Thursday, January 14, 2010

Audio Programs...

I just wanted to do a quick post concerning audio programs. Specifically just one, but I'll mention a few others, as I'm sure there are tons of them out there. The program I wanted to mention for those ministries on a low budget or no budget at all is the sound program called Audacity. Audacity is a powerful little sound program that is free source. That's right, it's completely free. You can use it to record your sermons or special music. The reason I really like Audacity is one feature of which I use it for is taking out background noise.

Say you are recording from a cassette tape which you don't have a cd or mp3 for. Those old tapes get a static backgound noise. With Audacity use the "Noise Removal" select a section of the audio where just the noise is playing... then have Noise Removal remove that noise in the whole audio. It will take some playing with to get it to sound good, but it's awesome.

The next great thing besides being free is it's a cross platform application. Which means it works on both Mac and Windows machines.

The down side to audacity is you can export as an MP3, WAV, or Ogg Vorbis. When you attempt an MP3 it says "Audacity does not export MP3 files directly, but instead uses LAME". Something you need to get separately. I'm too lazy to look for that stuff. So I just export as a .WAV file then convert it to MP3 using iTunes.
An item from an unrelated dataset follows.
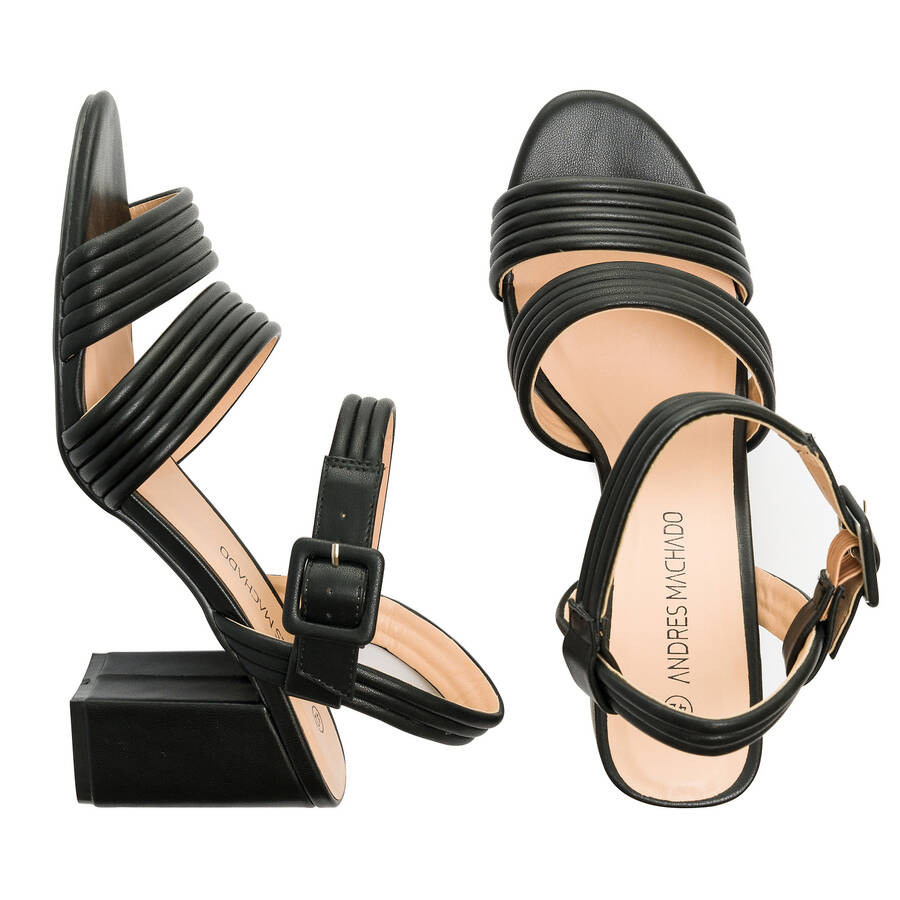 Sandale en simili cuir Noir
May lose some quality, but I don't notice.

However the program I use for recording the sermons at church is "Sound Studio" Sound studio does cost $124.94, but you can download a full demo for free. To my knowledge it does not have noise removal like Audacity. And Sound Studio is a Macintosh program only. I've found it works better for me while doing live recordings to my lap top via a "iMic" that plugs into any head phones jack. And it saves in any audio formatt, of which I use .AIFF. These files are huge, but when burnt on a CD will play on any CD player, unlike the MP3 that will only play on CD players that support MP3 formats. Which I would think most are today, but some of the elders won't know the difference and have older CD players.

Well sorry for the long post and that's all I have for now. I would mention "Garage Band" is used by most Mac people, but I didn't want to be too Mac biased in the post lol. Let us know if you use a different sound program.